Olympics Notes

Other Olympic Notes
Catriona LeMay Doan won the gold medal for Canada in the women’s 500 meters. She discussed her faith with a CBC interviewer, with slight defensiveness. She obviously didn’t want to be confused with other Christian athletes who believe that God awards the gold medals. Sports Illustrated picked her to win the 500 and to place 3rd in the 1000.

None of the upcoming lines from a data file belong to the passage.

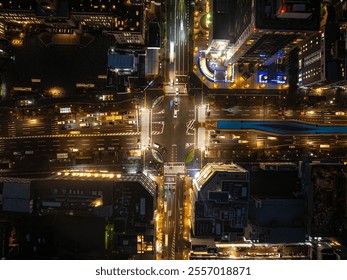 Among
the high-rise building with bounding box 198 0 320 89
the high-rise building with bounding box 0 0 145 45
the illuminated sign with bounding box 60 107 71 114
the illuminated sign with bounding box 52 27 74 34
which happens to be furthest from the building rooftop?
the illuminated sign with bounding box 52 27 74 34

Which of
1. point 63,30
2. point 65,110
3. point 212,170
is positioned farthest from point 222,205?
point 63,30

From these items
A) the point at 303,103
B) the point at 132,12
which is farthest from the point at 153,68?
the point at 303,103

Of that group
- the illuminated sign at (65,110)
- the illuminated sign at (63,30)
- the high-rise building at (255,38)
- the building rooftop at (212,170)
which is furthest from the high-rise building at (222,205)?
the illuminated sign at (63,30)

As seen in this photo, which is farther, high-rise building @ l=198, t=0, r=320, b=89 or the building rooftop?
the building rooftop

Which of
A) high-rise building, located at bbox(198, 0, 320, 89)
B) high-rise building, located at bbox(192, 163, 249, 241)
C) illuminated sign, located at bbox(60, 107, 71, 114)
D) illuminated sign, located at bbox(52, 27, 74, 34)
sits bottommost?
high-rise building, located at bbox(192, 163, 249, 241)

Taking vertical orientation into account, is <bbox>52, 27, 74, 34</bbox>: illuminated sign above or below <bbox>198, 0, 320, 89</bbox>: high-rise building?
above

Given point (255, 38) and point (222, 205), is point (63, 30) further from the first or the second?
point (222, 205)

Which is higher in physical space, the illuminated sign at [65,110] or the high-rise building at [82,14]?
the high-rise building at [82,14]

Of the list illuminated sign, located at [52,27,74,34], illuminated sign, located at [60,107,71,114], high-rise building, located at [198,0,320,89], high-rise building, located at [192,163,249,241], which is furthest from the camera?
illuminated sign, located at [60,107,71,114]

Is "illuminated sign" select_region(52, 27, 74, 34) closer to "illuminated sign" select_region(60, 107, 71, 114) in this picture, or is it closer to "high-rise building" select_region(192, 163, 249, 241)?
"illuminated sign" select_region(60, 107, 71, 114)

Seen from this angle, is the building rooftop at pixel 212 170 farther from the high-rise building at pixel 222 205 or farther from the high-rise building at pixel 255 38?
the high-rise building at pixel 255 38

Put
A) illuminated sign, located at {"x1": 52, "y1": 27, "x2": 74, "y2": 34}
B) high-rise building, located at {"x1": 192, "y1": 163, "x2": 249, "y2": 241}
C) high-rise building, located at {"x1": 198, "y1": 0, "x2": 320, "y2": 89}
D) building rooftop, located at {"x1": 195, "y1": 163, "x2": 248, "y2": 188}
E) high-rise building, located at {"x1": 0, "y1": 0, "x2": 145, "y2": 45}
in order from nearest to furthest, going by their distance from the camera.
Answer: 1. high-rise building, located at {"x1": 198, "y1": 0, "x2": 320, "y2": 89}
2. high-rise building, located at {"x1": 192, "y1": 163, "x2": 249, "y2": 241}
3. building rooftop, located at {"x1": 195, "y1": 163, "x2": 248, "y2": 188}
4. high-rise building, located at {"x1": 0, "y1": 0, "x2": 145, "y2": 45}
5. illuminated sign, located at {"x1": 52, "y1": 27, "x2": 74, "y2": 34}

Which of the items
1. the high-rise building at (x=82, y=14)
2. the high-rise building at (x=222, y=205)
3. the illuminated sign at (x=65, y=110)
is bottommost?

The Canadian Women’s Hockey team is very poorly coached. On February 14, they were leading the U.S. 4-1. The U.S. team scored a goal, which rattled the Canadians, who responded with a foolish penalty. Another quick goal, and the Canadians were really rattled, disorganized, and confused. Coach Shannon Miller merely kept pacing behind the bench, while the Americans kept scoring. They lost the lead. She didn’t call a time out, she didn’t speak to her players, she didn’t change goalies… nothing. This was a golden opportunity for the Canadians to take the high road, play clean, determined, defense, and show the U.S. how unflappable they were. Instead, they fell apart. With more than a minute left in the game, Miller pulled the goalie without securing possession of the puck or a face-off in the U.S. zone. The Canadians lost 7-4. This is merely the most recent in a long series of negative indicators– Miller cancelled the team Christmas party after a poor game against the U.S., and imposed a gag order on star player Haley Wickenheiser. There was also some controversy about the selection process for the team.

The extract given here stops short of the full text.